The main policyholder will be paid out in the event of a claim. It’ll then be up to him/her to pay the additional insured. Insurers don’t get involved in these politics and are in no way responsible if the policyholder does not pay his/her partner.
If you both have separate household contents policies with different insurers and are wondering which insurer to go with, don’t just pick the lowest premium price – consider the benefits and excesses.
Get your household contents evaluated so you’re certain you’re adequately covered for the replacement value of all your combined items.
When your household contents are on the move between properties, there’s no need to stress – your cover won’t be cut off. You should, however, notify your insurer of the new address prior to the day you move.
If you have an engagement ring, for example, or other things of value you frequently take outside the house, you’ll need to separately insure these items on the all-risk section of your policy.
It’s in your interest to tell your insurer about all the security features in your new home. Generally, there will be specific security requirements in order to qualify for burglary and theft cover.
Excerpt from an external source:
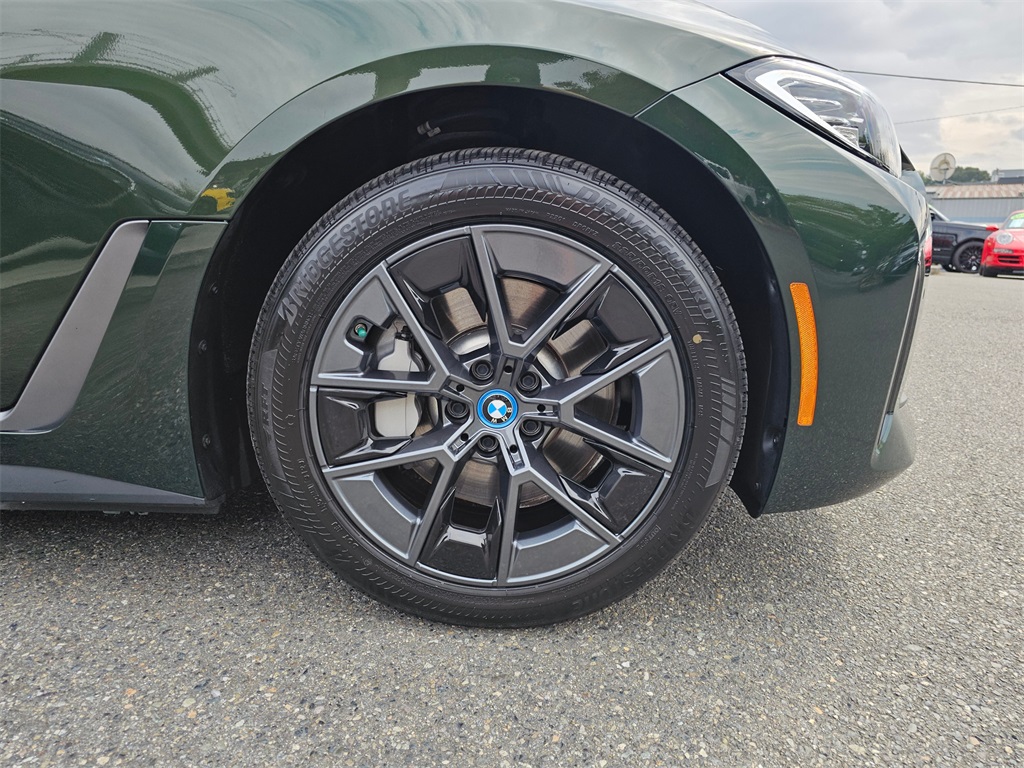 2022 Bmw i4 eDrive40 photo 8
If you happen to argue and temporarily move out, taking some of your household contents with you, these items will still be covered in your temporary abode, providing this is a private building.
This only applies to a temporary situation though – if it’s a permanent split, then you’ll need your own new policy.
Remember to add your partner as a regular driver on your policy, especially if he or she uses your vehicle more frequently than you do.
If sadly, the relationship comes to an end, then it’s best to get your own policy as soon as possible, especially if you have one policy between you, but you’re not the main policyholder.